Profit Potential: Home Health Plan Certification
- By admin aapc
- In Industry News
- December 1, 2007
- Comments Off on Profit Potential: Home Health Plan Certification
Home health plan certification is a significant yet often ignored source of physician revenue.
By Belinda Frisch, CPC
According to the Centers for Medicare & Medicaid Services (CMS), physicians perform a billable service when they create and review a plan of care and oversee a home health agency’s treatment of their patients.
For example, a patient is seen in the office and requires home IV antibiotics for a systemic infection. The physician determines the type of drug, its dosage and frequency, and the duration of treatment, and then calls a home health agency to deliver this service. The physician receives a written plan of care from the Medicare-participating home health agency, reviews and agrees with the plan, sends the signed care plan back to the agency, and retains a copy in the patient’s medical record. The physician receives, reviews, and adjusts the plan in coordination with the care of the home health agency and keeps copies of all correspondence in the medical record — hence performing home health plan certification — billable and payable every 60 days.
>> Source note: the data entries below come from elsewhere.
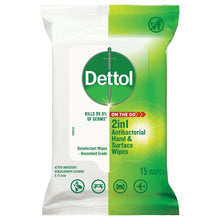 Dettol 15 Pack 2-in-1 Anti-Bacterial Wipes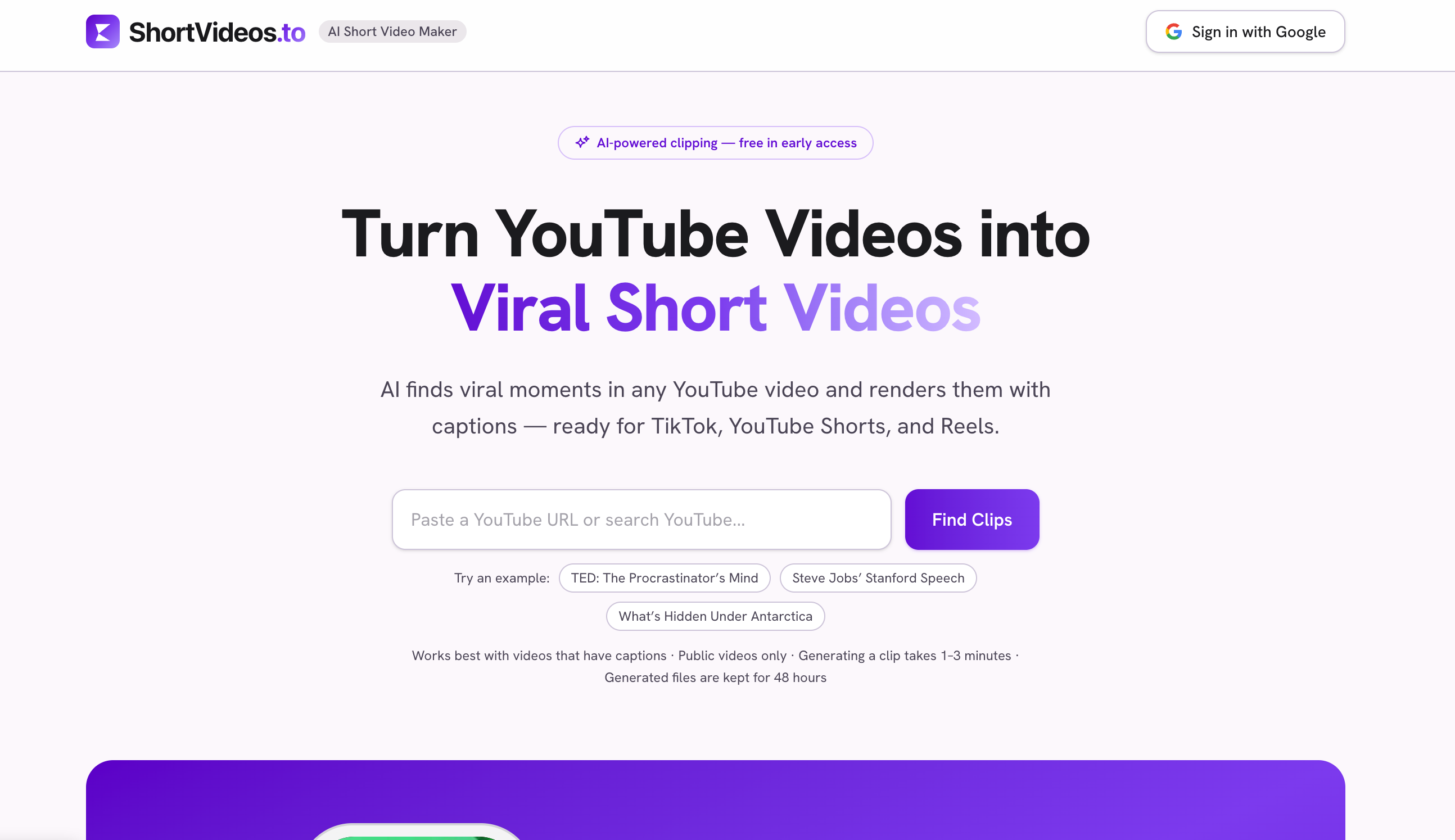 ShortVideos.to — turn YouTube videos into viral shorts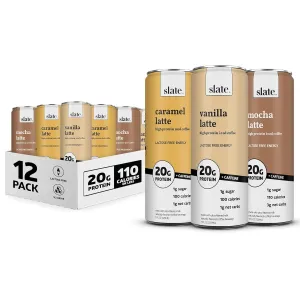 Slate Milk - High Protein Iced Coffee - Energy Variety Pack - Caramel Latte, Mocha Latte, Vanilla Latte - 175mg Caffeine, Lactose Free - 20g Protein, 1g Sugar - Protein Coffee - 11 fl oz, 12 Cans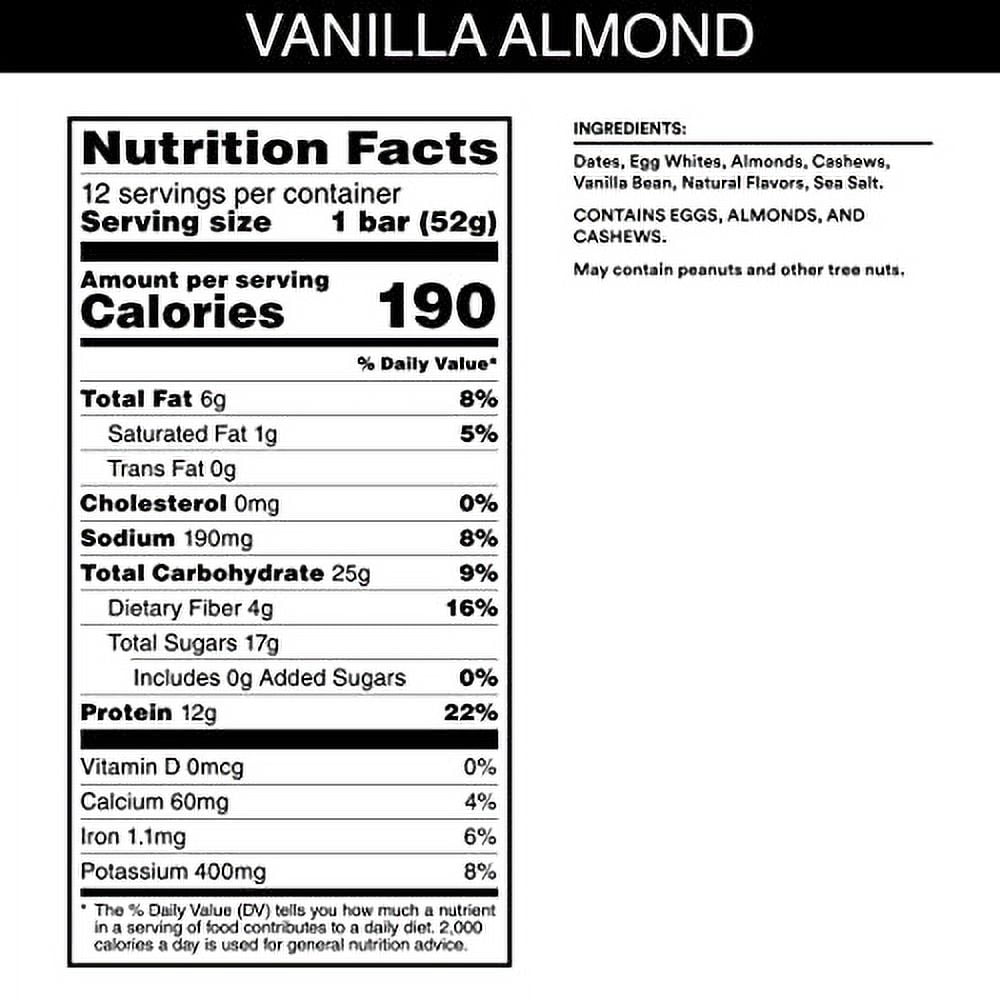 RXBAR Protein Bars, Protein Snack, Snack Bars, Vanilla Almond, 22oz Box (12 Bars)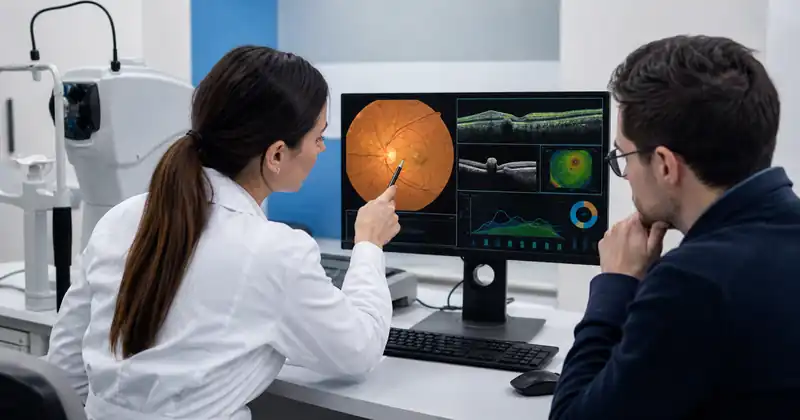Profesional de salud y especialista en tecnología revisan imágenes de retina y visualizaciones clínicas en una pantalla, como imagen editorial sobre inteligencia artificial aplicada a controles oftalmológicos por diabetes.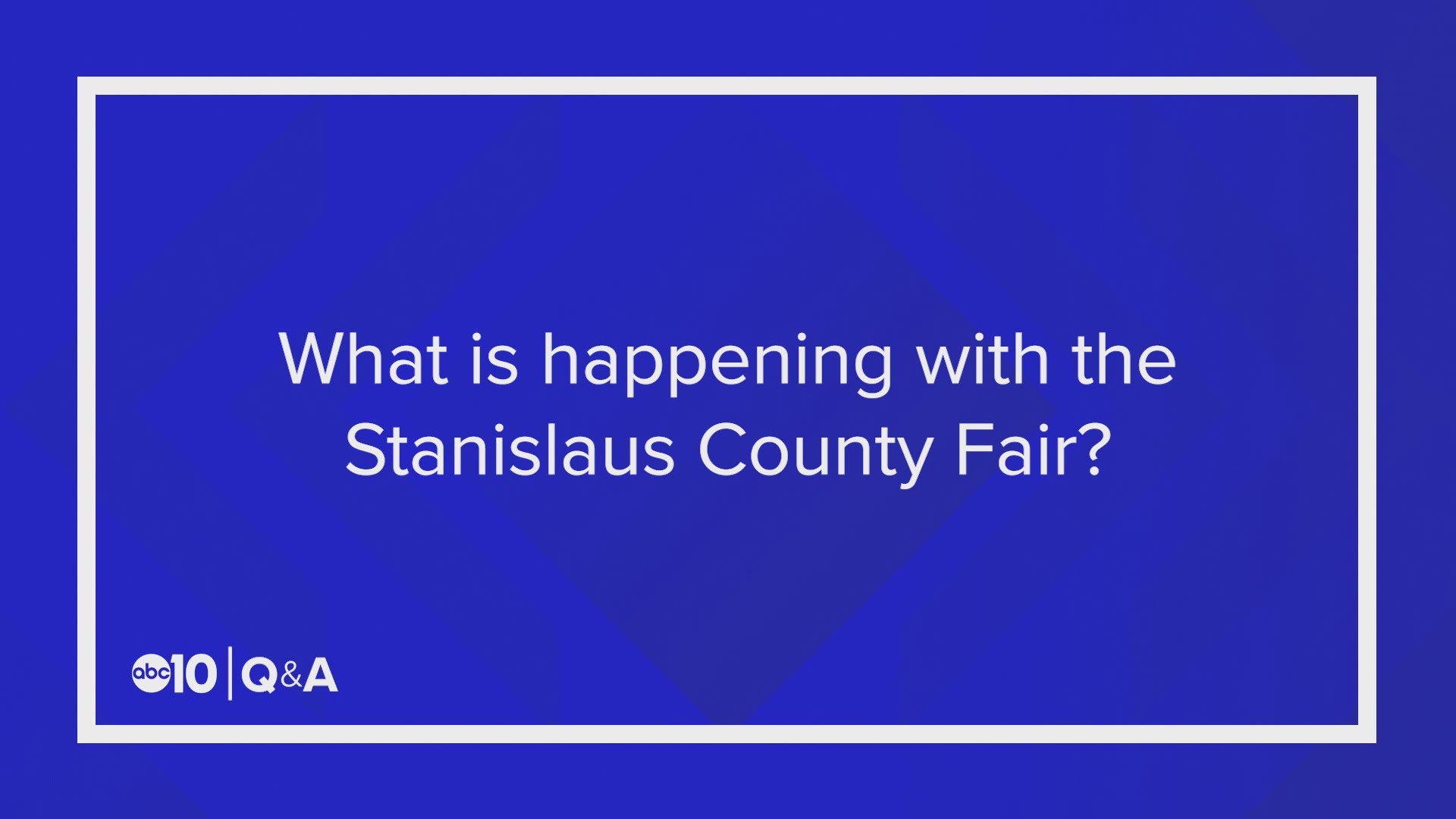 The CEO of the Stanislaus County Fair explains what it means now that the fair is canceled for 2020 due to coronavirus and what it means for the future of the fair.
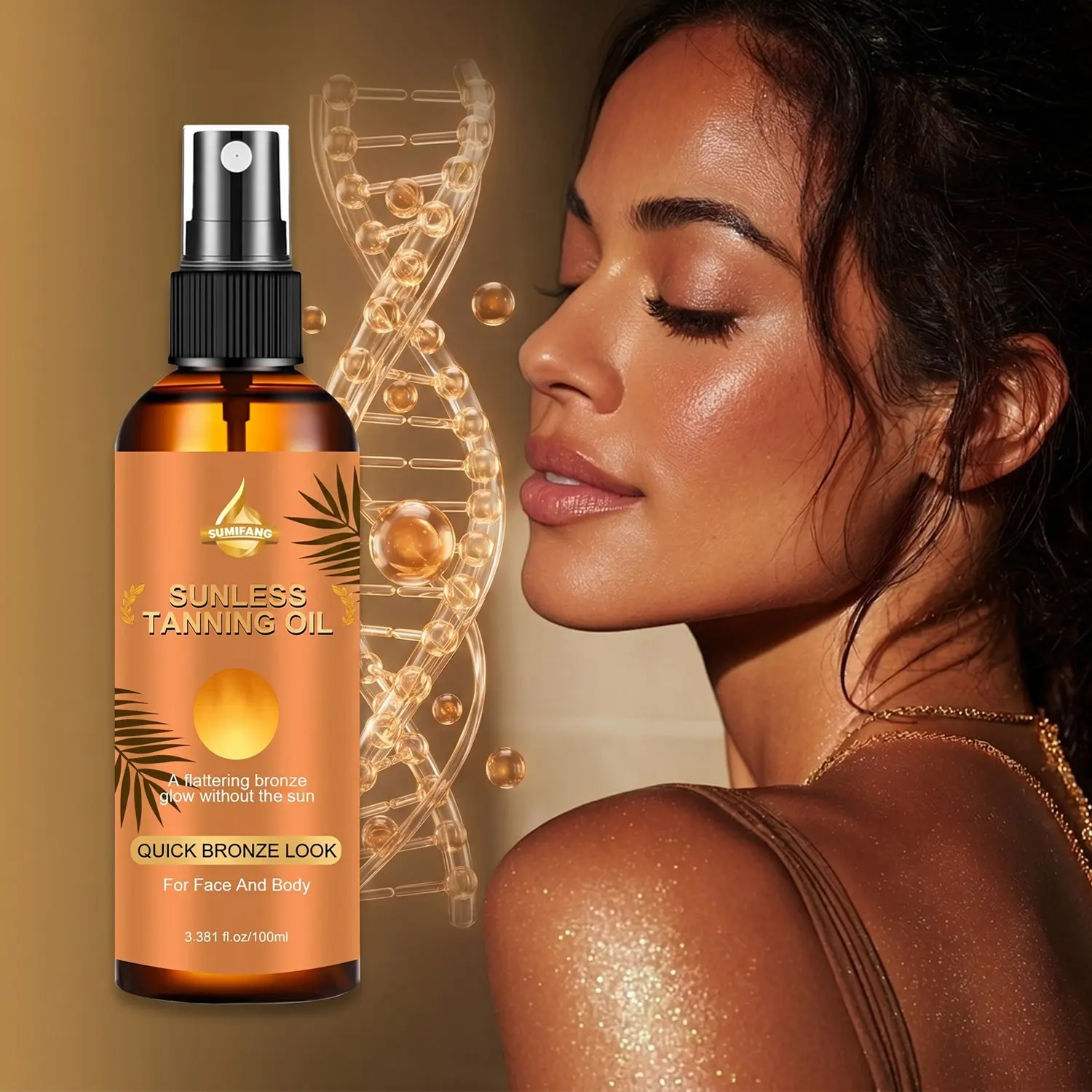 SUMIFANG Sunless Tanning Oil, Tanning Products, Infused with Niacinamide & Vitamin E, Collagen Peptides & Vitamin C, Deeply Nourishes and Imparts an Even, Luminous Glow, Achieve a Bronze Radiance for Face & Body (100ml)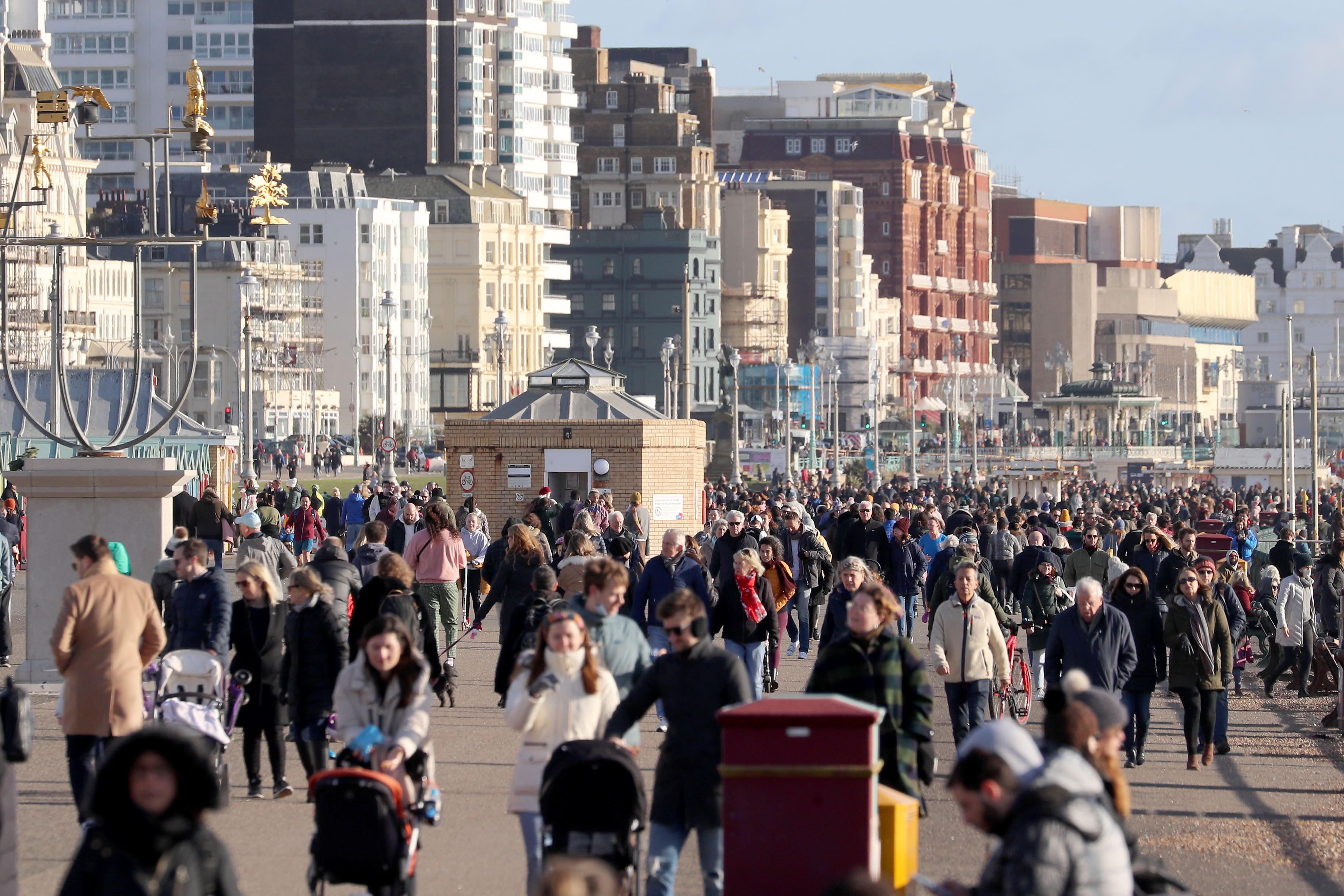 People on the sea front in Brighton during England’s third national lockdown to curb the spread of coronavirus.
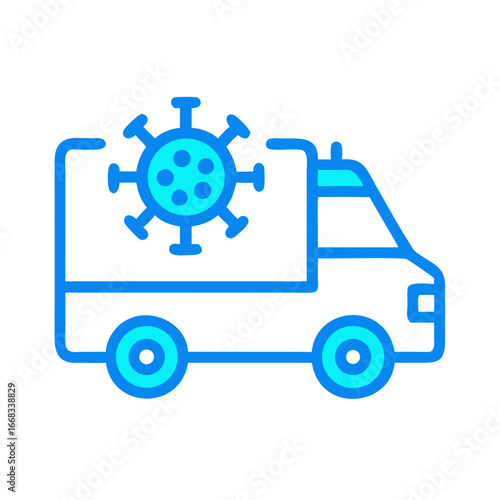 Stylized Blue Outline of Vehicle Transporting Virus Iconography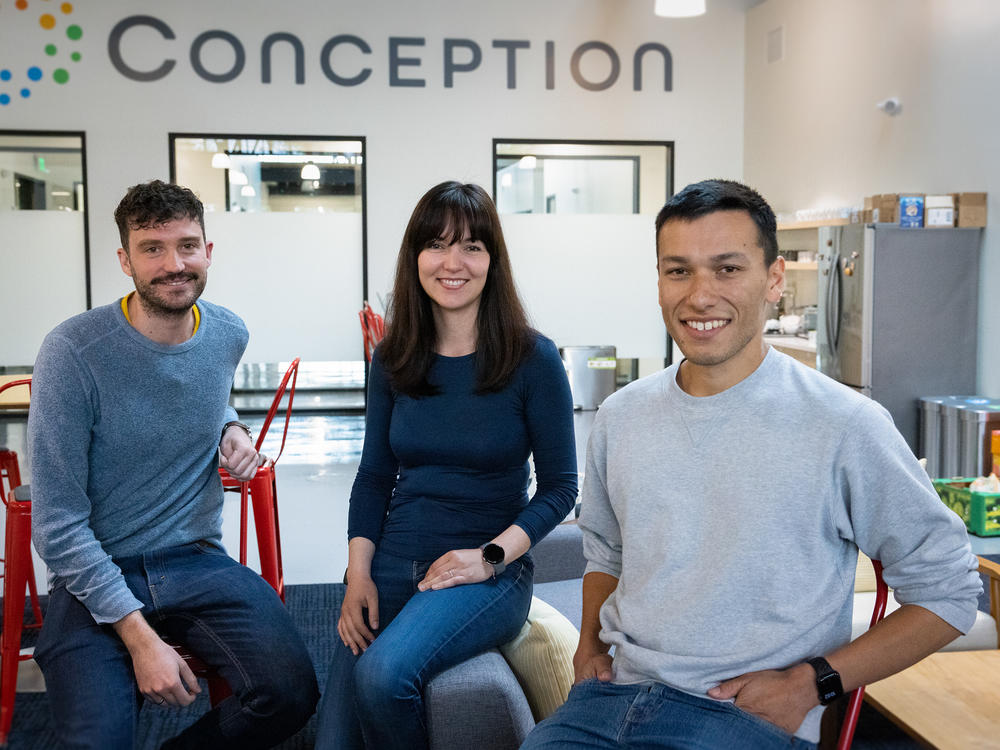 Conception Chief Scientific Officer Pablo Hurtado (from left), Chief Operating Officer Bianka Seres and CEO Matt Krisiloff are working on technology that could create human eggs from blood cells.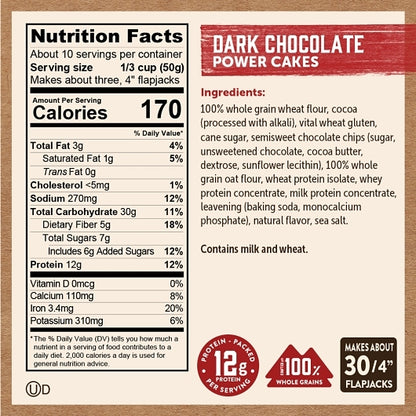Kodiak Cakes Dark Chocolate Protein Flapjack and Waffle Mix, 6 x 18 oz Case - DOT product image 8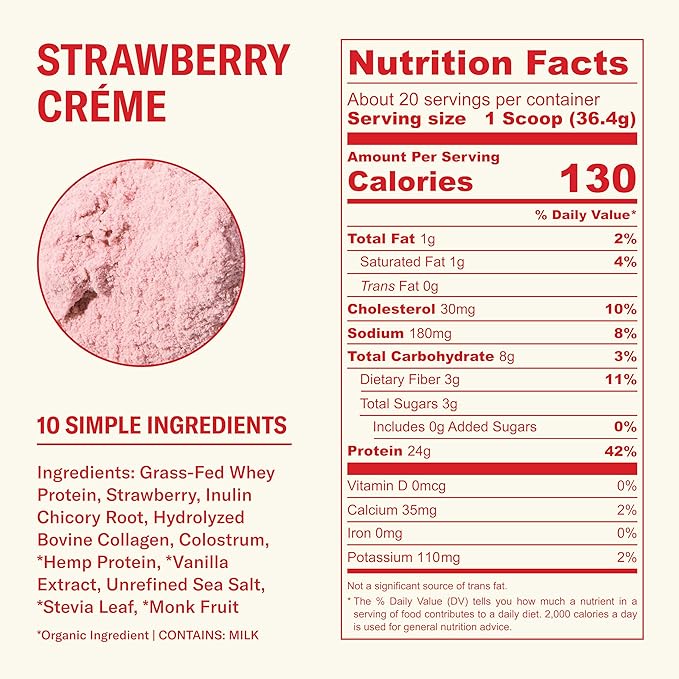 Ballerina Farm Grass Fed Whey Protein Powder Strawberry Crème 24g Protein with Collagen Peptides Bovine Colostrum Hemp Hearts Prebiotic Fiber No Added Sugar or Artificial Ingredients 20 Servings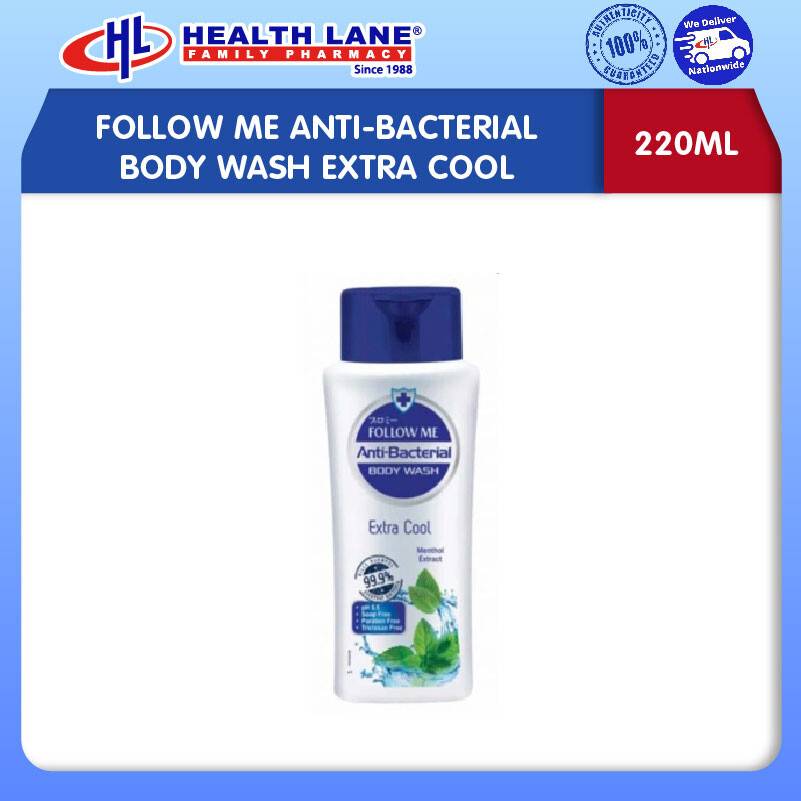 FOLLOW ME ANTI-BACTERIAL SABUN BADAN EXTRA COOL (220ML)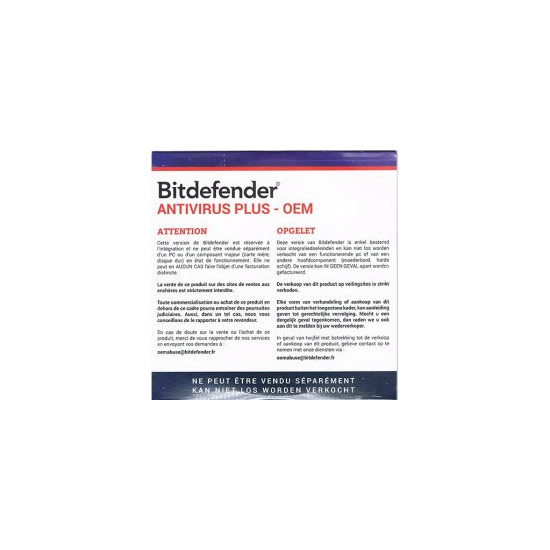 Bitdefender Antivirus Plus OEM 1 an 1 PC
In Upstate New York, for example, the Medicare Division’s physician fee schedule lists the rate for initial home health plan certification at $61.46 and the rate for recertification at $46.66 — not insignificant for work that physicians often provide free of charge.
Eligibility Requirements
In order to bill for these services, the following criteria must be met:
- The patient must be under the care of the qualified physician (doctor of medicine, osteopathy, or podiatric medicine—as permitted under 42CFR 424.22) that signs the certification, and must have had a face-to-face encounter within the six months prior to the certification.
- The physician must periodically review the services furnished by the home health agency.
Note: Time spent on home health plan certification and recertification is separate and apart from any time counted toward care plan oversight or any time spent performing any type of hospital discharge.
- The physician must not have significant ownership interest in, or a significant financial or contractual relationship with, the home health agency from which the patient is receiving care.
- The patient must be an eligible Medicare beneficiary.
- The home health agency must have a valid participation agreement with the Medicare program.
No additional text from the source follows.